INFORMATION PROVIDED Block Start

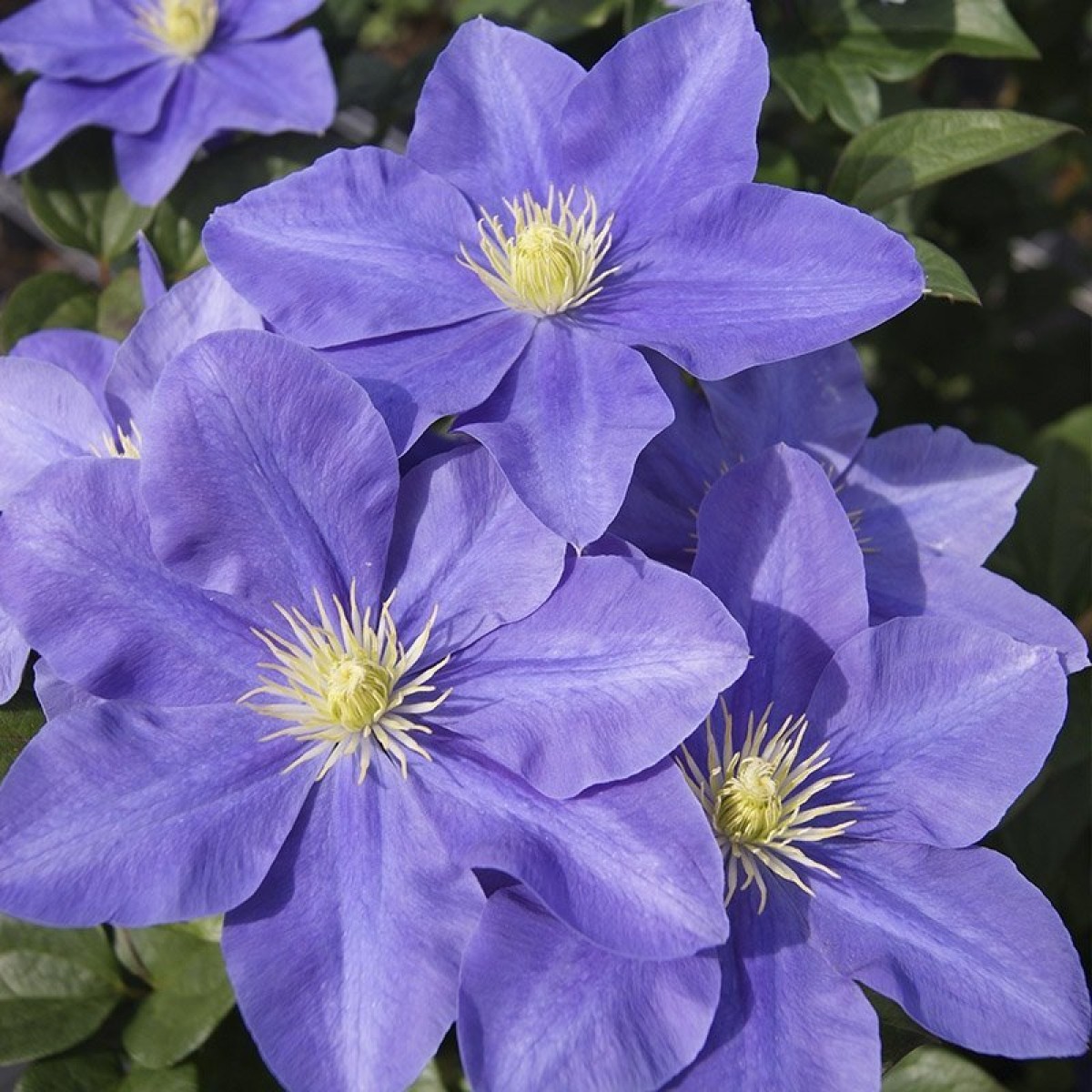 Clematis 'Fujimusume'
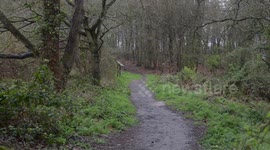 A granddad is UK’s oldest runner after being picked to compete for England aged 80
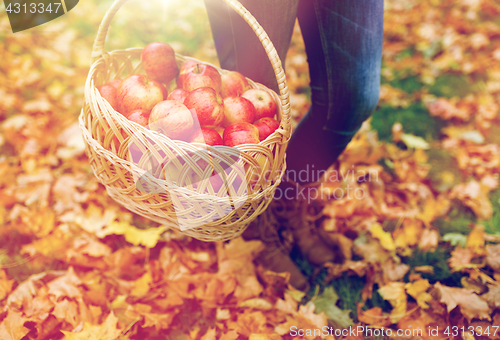 Image of woman with basket of apples at autumn garden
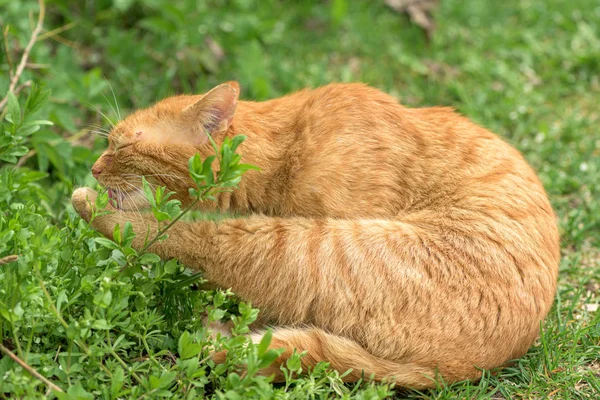 Rote Hauskatze leckt seine Pfote im Freien — Stockfoto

INFORMATION PROVIDED Block End

■ **ASSIGNMENT**:
Restate the material above exactly. Exclude all pictures.

■ **EXERCISE OUTPUT**:
 Clematis 'Fujimusume'
 A granddad is UK’s oldest runner after being picked to compete for England aged 80
 Image of woman with basket of apples at autumn garden
 Rote Hauskatze leckt seine Pfote im Freien — Stockfoto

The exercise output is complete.